Synopses & Reviews
In the first half of the twentieth century, Americans' intense concern with sex crimes against children led to a wave of public discussion, legislative action, and criminal prosecution. Stephen Robertson provides the first large-scale, long-term study of how American criminal courts dealt with the prosecution of sexual violence.
Robertson describes how the nineteenth-century approach to childhood as a single phase of innocence began to shift at the end of the century to include several stages of childhood development, prompting reformers to create legal categories such as statutory rape and carnal abuse to protect children. However, while ordinary New Yorkers' involvement in the prosecution of those offenses reshaped their understandings of who was a child and produced a new concern to establish the age of their sexual partners, their beliefs in childhood innocence and in a concept of sexuality centered on sexual intercourse remained unchanged. As a result, families' use of the law and jurors' decisions ultimately diminished the protection the new laws offered to children. Robertson's study, based on the previously unexamined files of the New York County district attorney's office, reveals the importance of child sexuality and sex crimes in twentieth-century American culture.
Review
"Fascinating and disturbing in its particulars, full of careful and illuminating readings of sources."
Law and History Review
Review
"A landmark contribution to analyses of sexual violence and its prosecution in U.S. history."

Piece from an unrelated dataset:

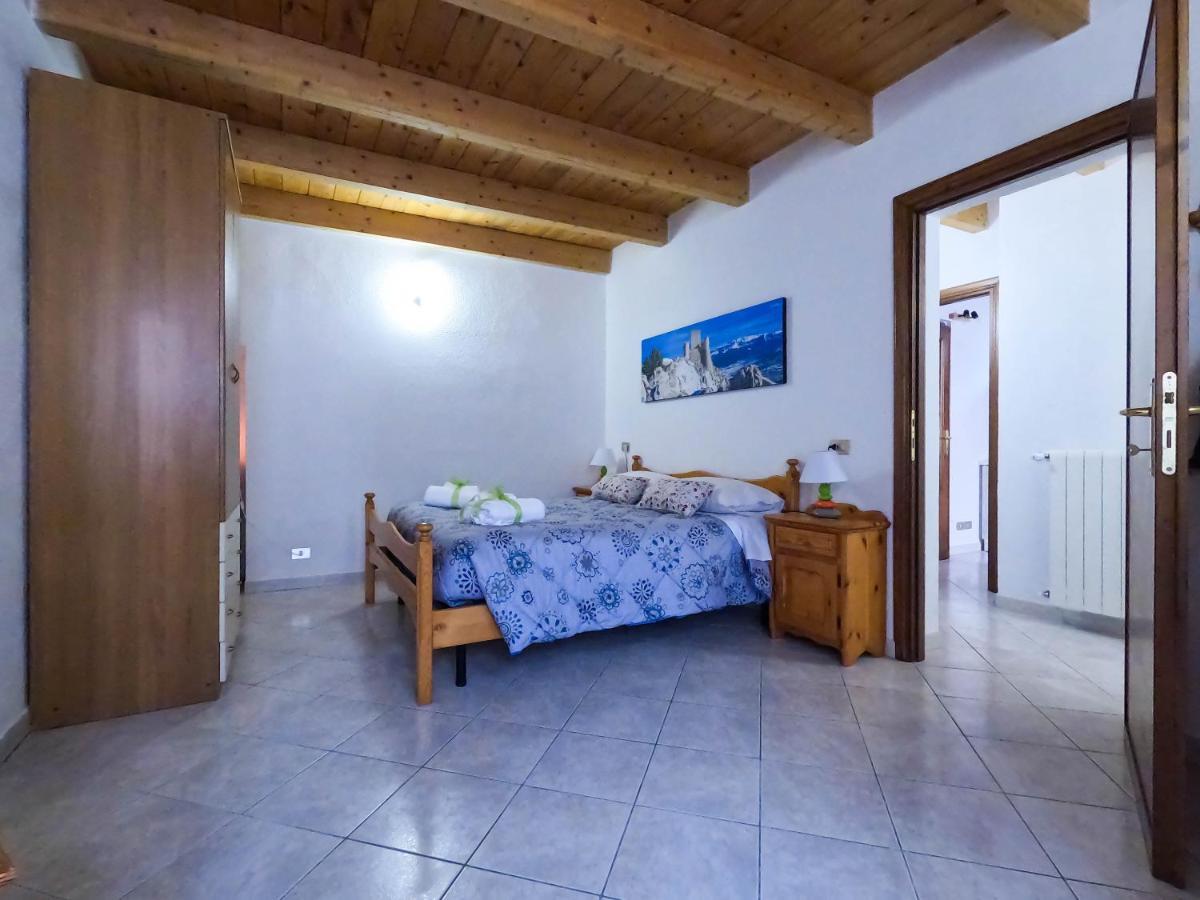 Bed and Breakfast San Domenico House - Centro Storico LʼAquila Zewnętrze zdjęcie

Journal of the History of Sexuality
Synopsis
Robertson's study, based on the previously unexamined files of the New York County district attorney's office, reveals the importance of child sexuality and sex crimes in twentieth-century American culture. He offers the first major study of the child protection movement's law enforcement work and the prosecution of sexual violence in American criminal courts in the first half of the 20th century.
About the Author
Stephen Robertson is a lecturer in the department of history at the University of Sydney.